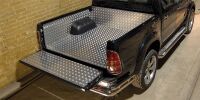 Aluminium bedliner - under rail - double cabin - Toyota Hilux (2005 - 2011 - 2015)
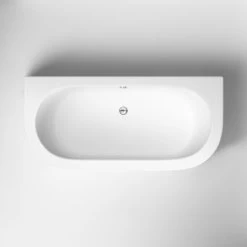 Nuie Shingle Double Ended Back To Wall Bath With Panel 1700mm X 750mm - White -Comfort Bathroom Store 15724076 3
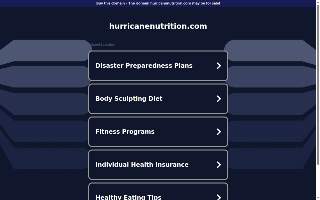 Hurricane Nutrition website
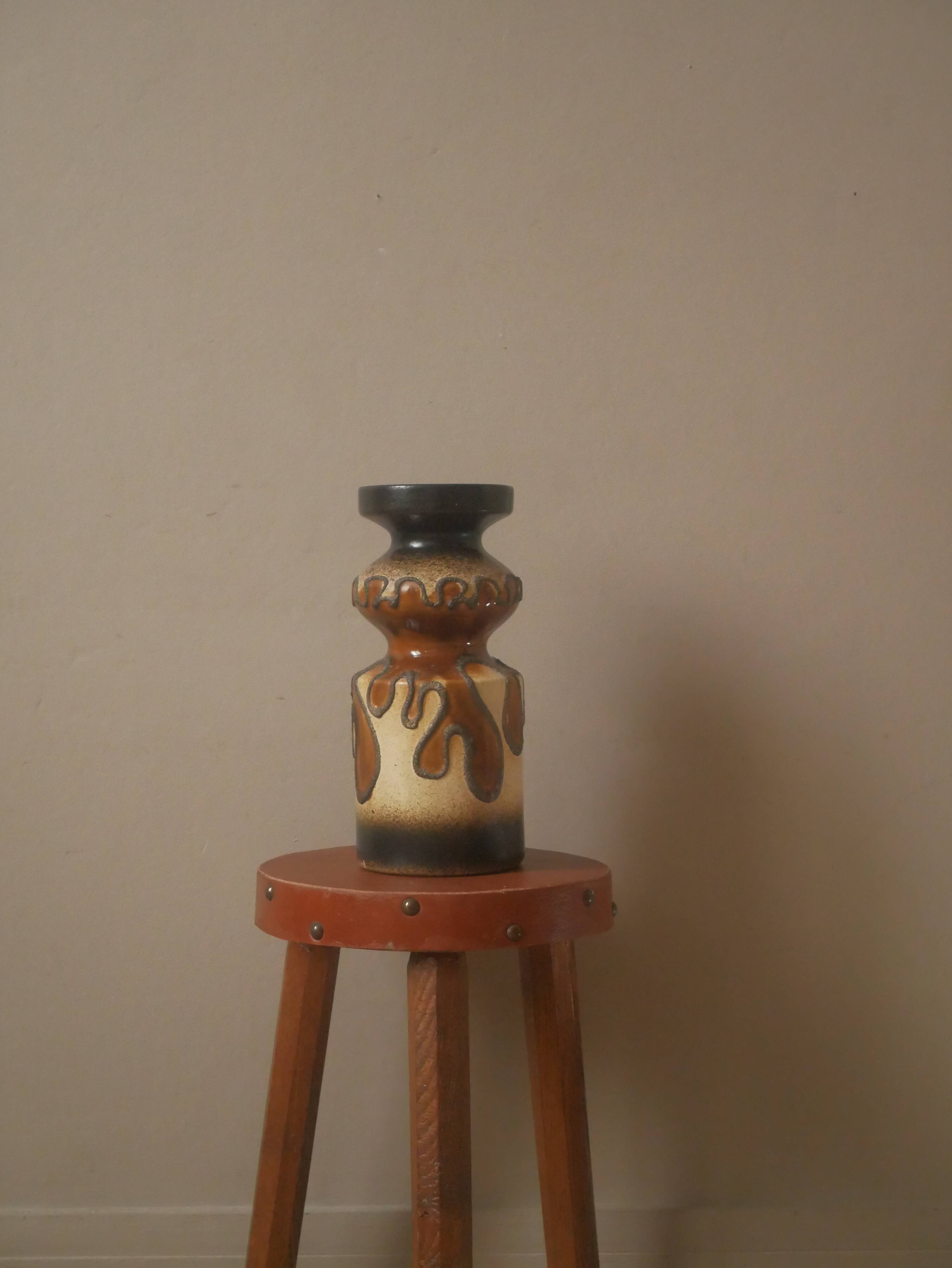 Vintage ceramic vase German ceramic country decoration Scandinavian design handmade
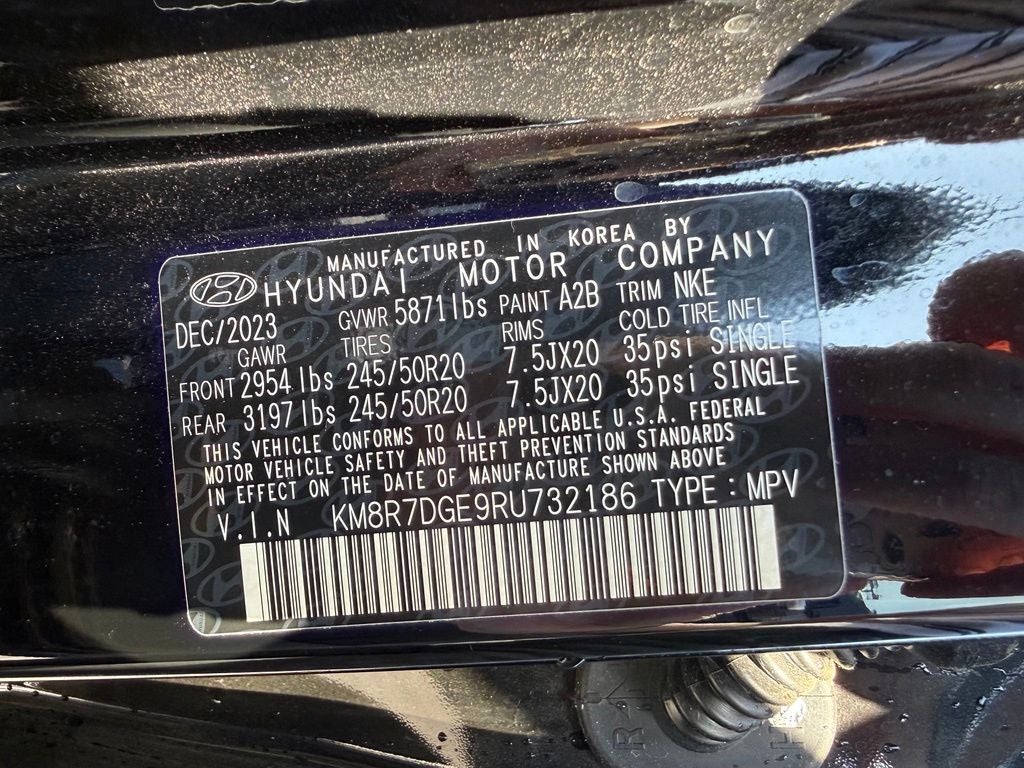 2024 Hyundai Palisade Calligraphy Night Edition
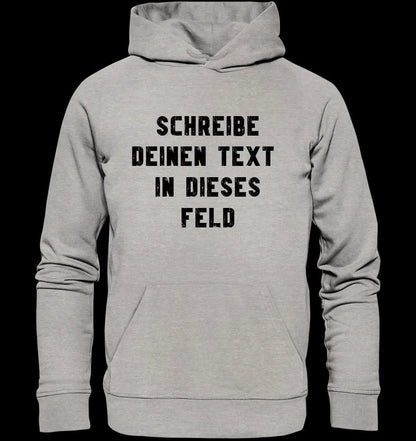 "TEXTBLOCK" Schreibe was du willst! • Unisex Premium Hoodie XS-5XL aus Bio-Baumwolle für Damen & Herren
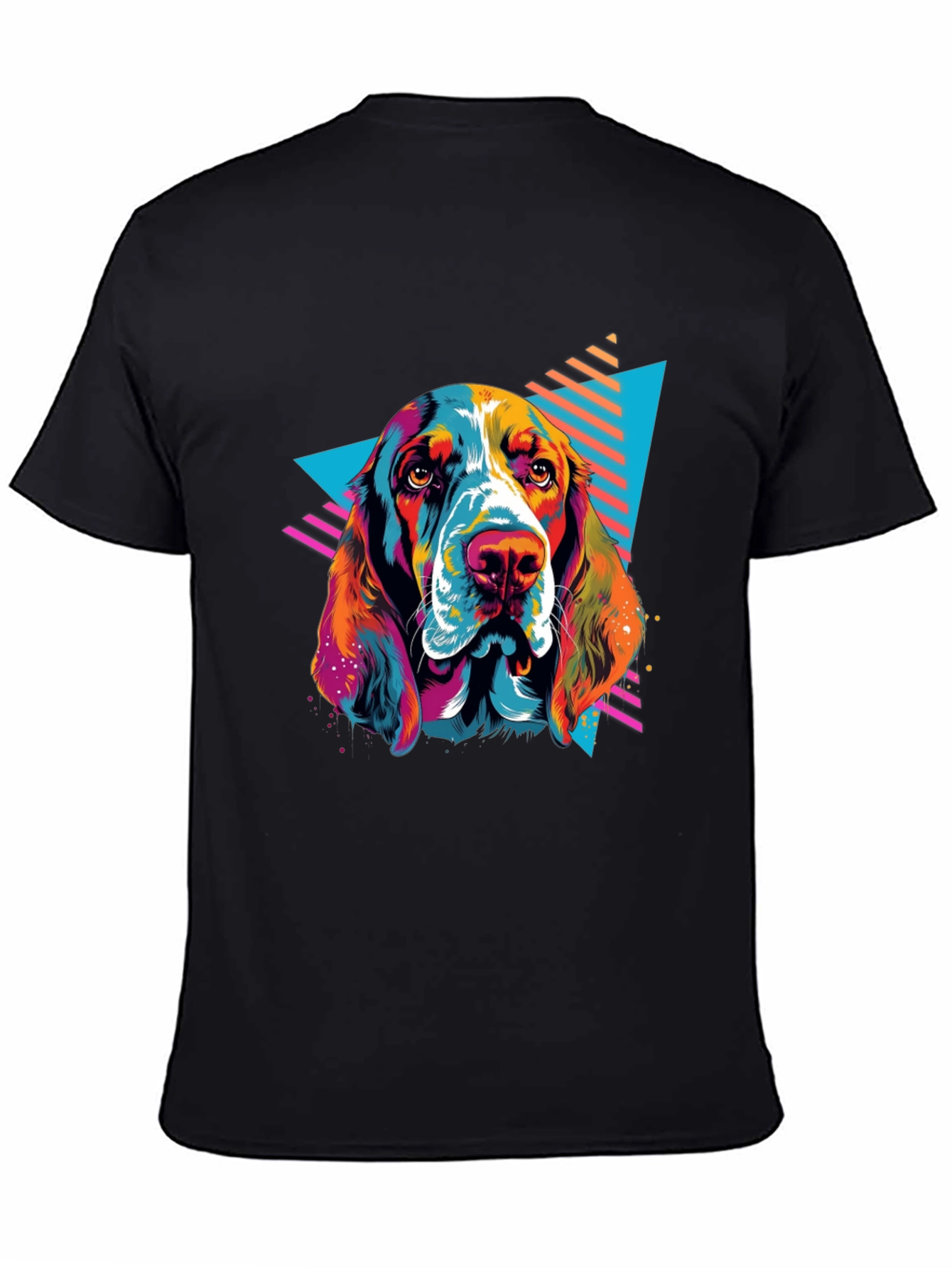 Retro Dog Graphic Tee - Black
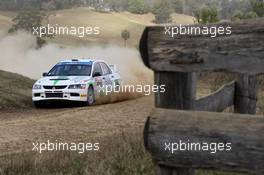 Fabio Frisiero (ITA) Simone Scattolini (ITA) Mitsubishi Lancer Evo IX .  11-14.09.2014. World Rally Championship, Rd 10, Coates Hire Rally Australia, Coffs Harbour, New South Wales, Australia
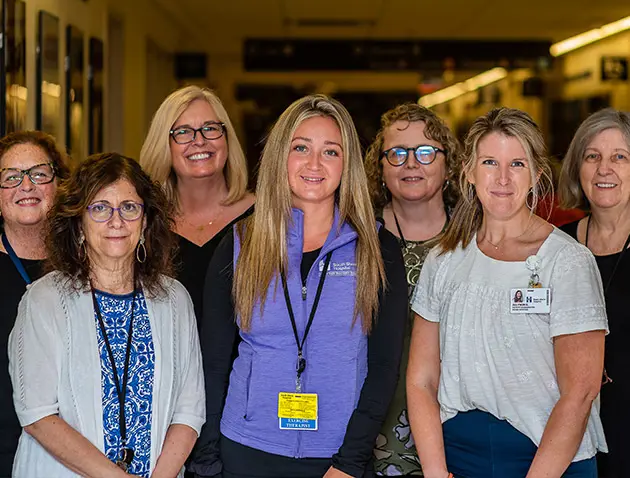 South Shore Health team members Kayleigh Humfryes, Alexander Kleinschmidt, Susan Romano, Donna Hawkesworth, Leah Murray, Bethany Bergin, Kayla Sullivan and CJ Rigby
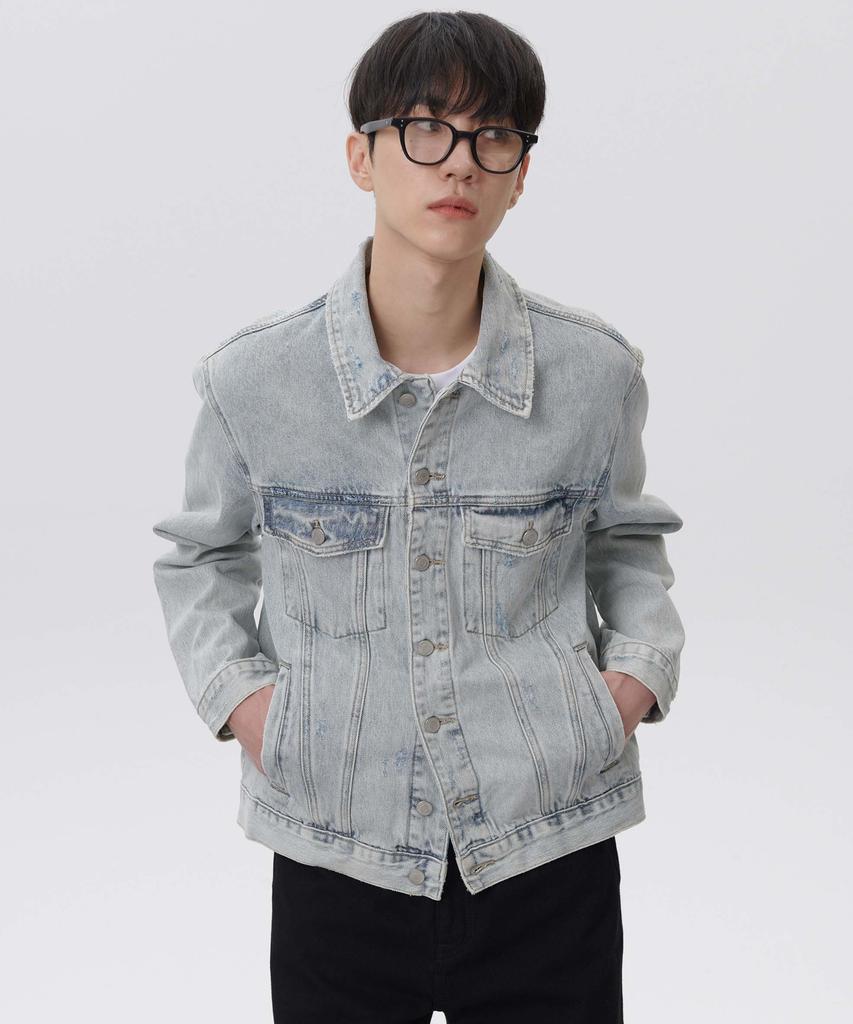 Plac Scratch Standard Denim Jacket M21 Glacial Blue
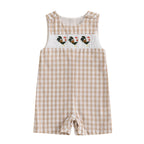 Baby Boy Embroidered Romper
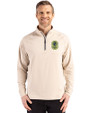 Nashville SC Cutter & Buck Adapt Eco Knit Stretch Recycled Mens Quarter Zip Pullover Wheat Front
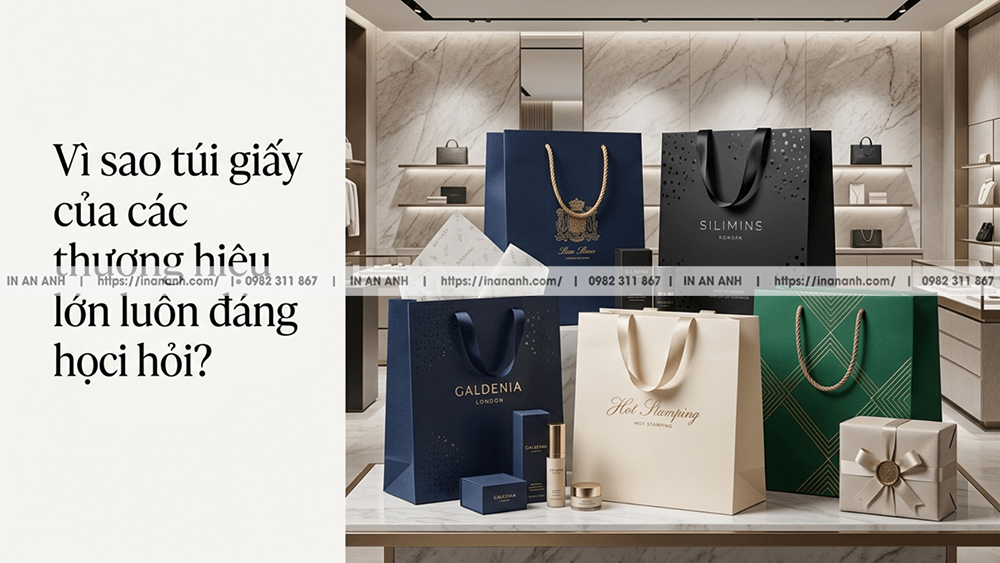 Vì Sao Túi Giấy Của Các Thương Hiệu Lớn Luôn Đáng Học Hỏi?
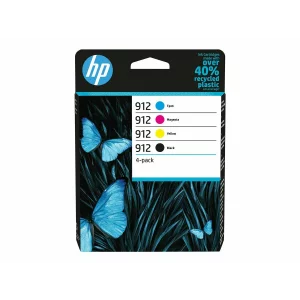 Cartus Cerneala HP 912 CMYK Original Ink Cartridge 4-Pack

_ _ _

→ **EXERCISE**
Starting at the first entry above and ending at the last, write everything out exactly except the pictures.

→ **ANSWER**
 Aluminium bedliner - under rail - double cabin - Toyota Hilux (2005 - 2011 - 2015)
 Nuie Shingle Double Ended Back To Wall Bath With Panel 1700mm X 750mm - White -Comfort Bathroom Store 15724076 3
 Hurricane Nutrition website
 Vintage ceramic vase German ceramic country decoration Scandinavian design handmade
 2024 Hyundai Palisade Calligraphy Night Edition
 "TEXTBLOCK" Schreibe was du willst! • Unisex Premium Hoodie XS-5XL aus Bio-Baumwolle für Damen & Herren
 Retro Dog Graphic Tee - Black
 Fabio Frisiero (ITA) Simone Scattolini (ITA) Mitsubishi Lancer Evo IX .  11-14.09.2014. World Rally Championship, Rd 10, Coates Hire Rally Australia, Coffs Harbour, New South Wales, Australia
 South Shore Health team members Kayleigh Humfryes, Alexander Kleinschmidt, Susan Romano, Donna Hawkesworth, Leah Murray, Bethany Bergin, Kayla Sullivan and CJ Rigby
 Plac Scratch Standard Denim Jacket M21 Glacial Blue
 Baby Boy Embroidered Romper
 Nashville SC Cutter & Buck Adapt Eco Knit Stretch Recycled Mens Quarter Zip Pullover Wheat Front
 Vì Sao Túi Giấy Của Các Thương Hiệu Lớn Luôn Đáng Học Hỏi?
 Cartus Cerneala HP 912 CMYK Original Ink Cartridge 4-Pack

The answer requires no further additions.